Scientists out of the University of California in San Diego say they’ve developed a new blood test that could pave the way to the early diagnosing of cancer without having to do invasive procedures like biopsies.
The West Coast researchers say they can detect cancer through blood samples by screening for certain DNA released by dying tumour cells. Right now, it’s “showing promise” for detecting trace amounts of tumour DNA in the blood of cancer patients.
When tumours grow and take over parts of the body, they fight with normal cells for nutrients and space, killing them off in the process. As normal cells die off, they shed their DNA into the bloodstream – the researchers hope this is the clue that’ll help them identify the affected areas.

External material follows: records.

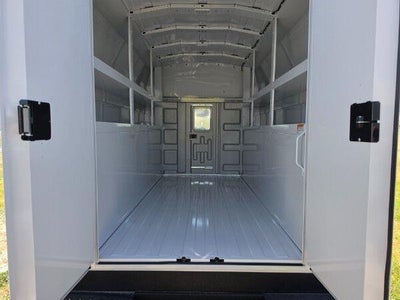 2027 Ford E-Series Cutaway E-350 SRW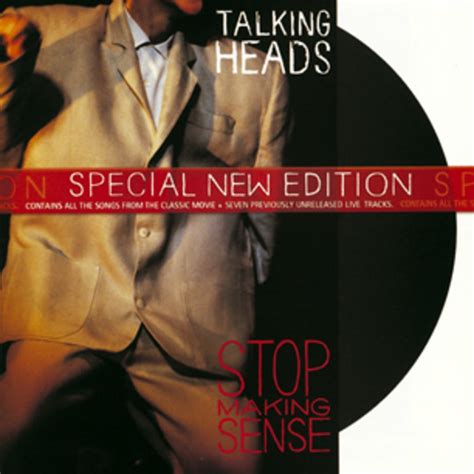 Talking Heads Stop Making Sense 500 Greatest Albums Of All Time
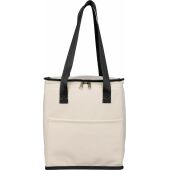 Gerecyclede PU koeltas Adira beige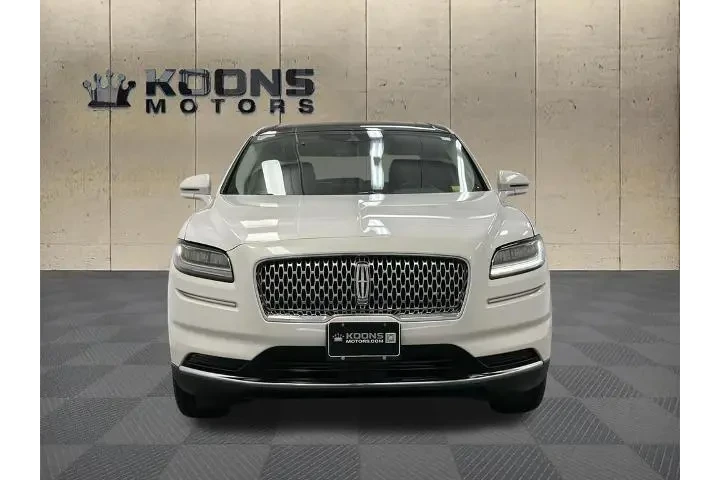$35000 : Lincoln Nautilus 2022 Reserv image 3
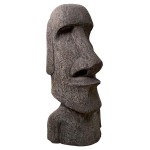 Design Toscano Giant Easter Island Moai Head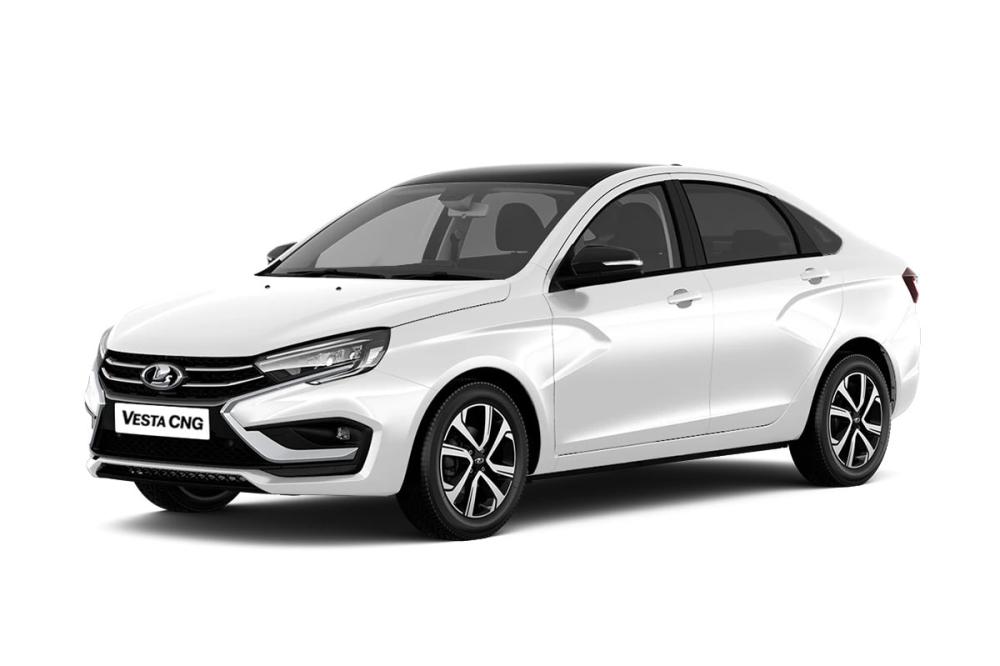 Lada (ВАЗ) Vesta I Рестайлинг (NG) Москва  - изображение 1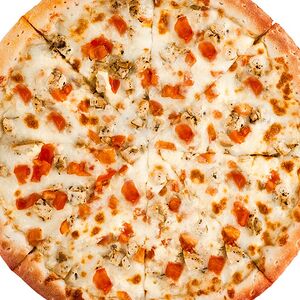 Сырный цыпленок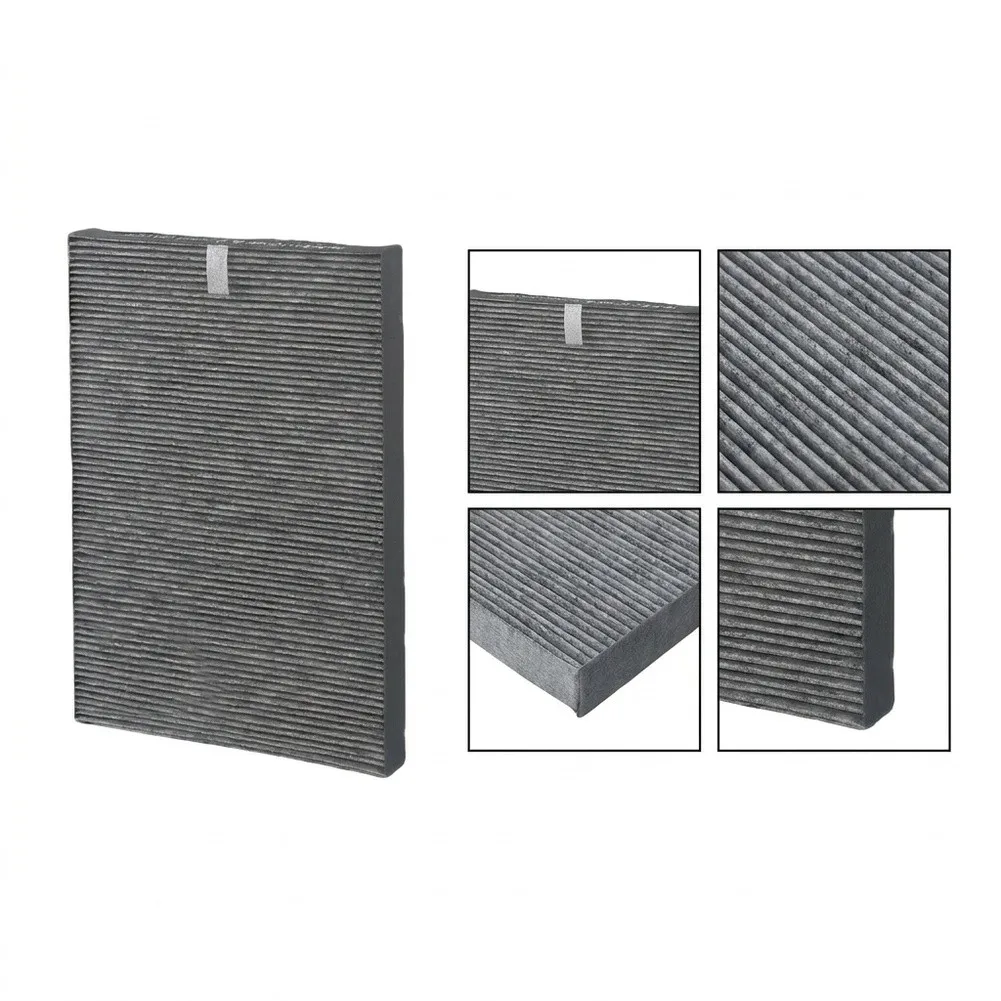 Replacement Screen for FZ-Y30SFE FZ-P30SFU Purifiers Combining HEPA Pre Filter and Activated Carbon Replacement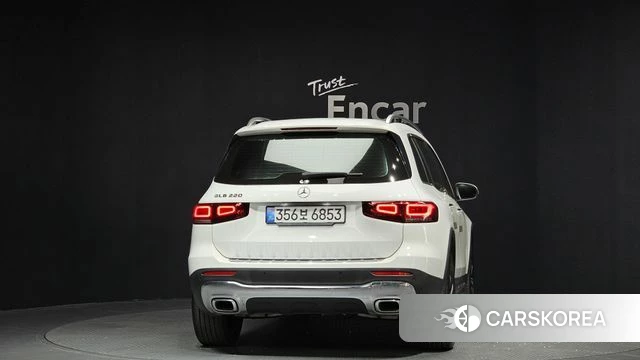 Mercedes-Benz GLB-Class X247 id 3935974 из Кореи 14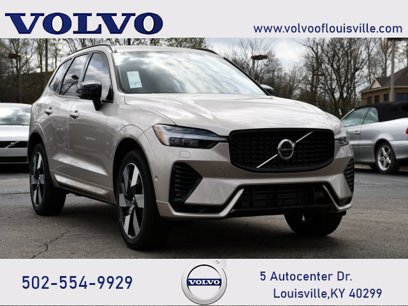 New 2025 Volvo XC60 T8 Plus w/ Climate Package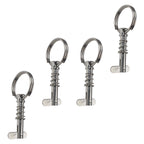 Quick Release Boat Awning Pins Stainless Steel for Marine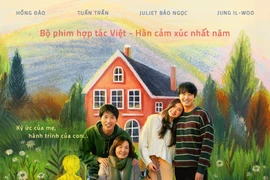 Poster phim. (Ảnh: Nhà phát hành)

They even zeroed in on a particular DNA signature – called CpG methylation haplotypes – each tissue in the body can be identified by their own unique CpG signature, narrowing down the scope of the affected areas even more.

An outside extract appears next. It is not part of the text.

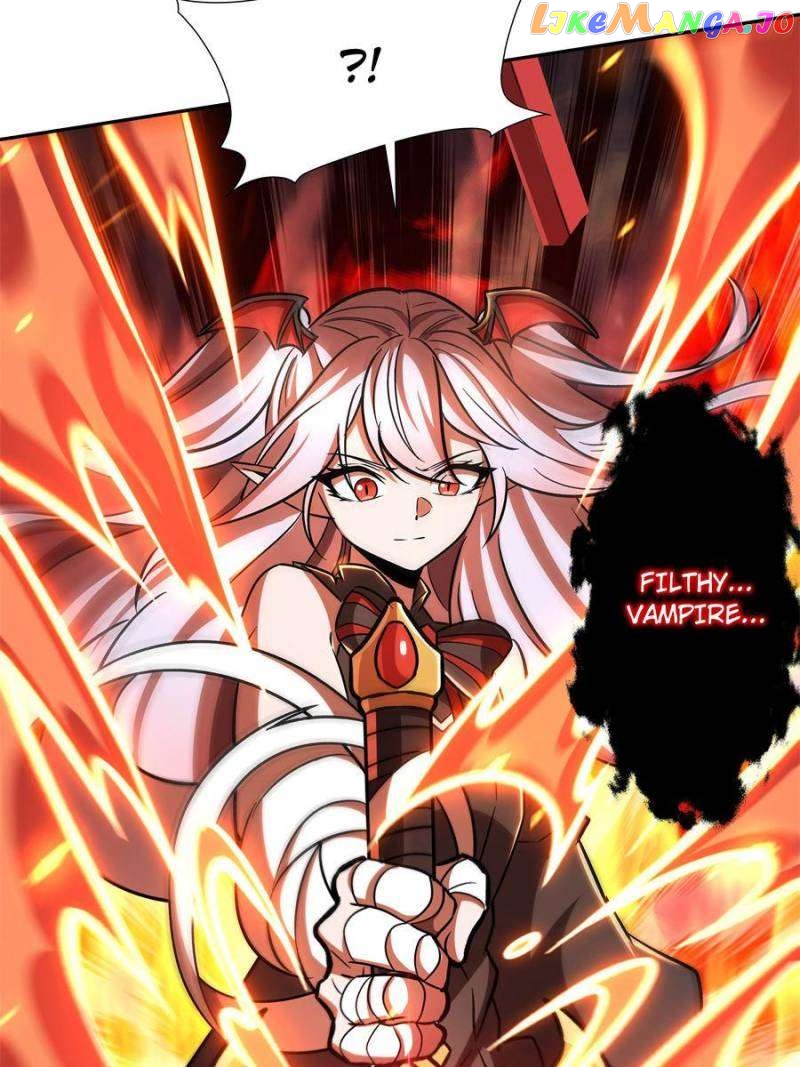 Vampires and Knight Chapter 234 - page 6
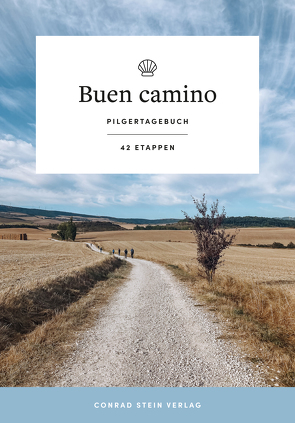 Buen Camino Pilgertagebuch von Driever,  Michael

“We made this discovery by accident. Initially, we were taking the conventional approach and just looking for cancer cell signals and trying to find out where they were coming from. But we were also seeing signals from other cells and realized that if we integrate both sets of signals together, we could actually determine the presence or absence of a tumour, and where the tumour is growing,” study lead author, Dr. Kun Zhang, a bioengineering professor at the University of California, said.
Zhang and the team pulled together a database of all CpG signatures from 10 different areas – liver, intestine, colon, lung, brain, kidney, pancreas, spleen, stomach and blood. They also looked at tumour samples and blood samples from cancer patients to put together a database for cancer-specific genetic markers to pick up on.
In a final step, to measure the test’s accuracy, Zhang screened blood samples from people with and without tumours. Turns out, the test worked like a “dual authentication process” – the scientists screened for CpG and for tumour DNA.
But the blood test is in its infancy.
“This is proof of concept. To move this research to the clinical stage, we need to work with oncologists to further optimize and refine this method,” Zhang said.
For now, there are handfuls of tests available to Canadians to screen for various cancers at designated ages.
Experts say getting screened for cancer, even if you aren’t showing any symptoms is the key to catching cancer early, sometimes before the cancer even starts.
Zhang’s full findings were published Monday in the journal Nature Genetics.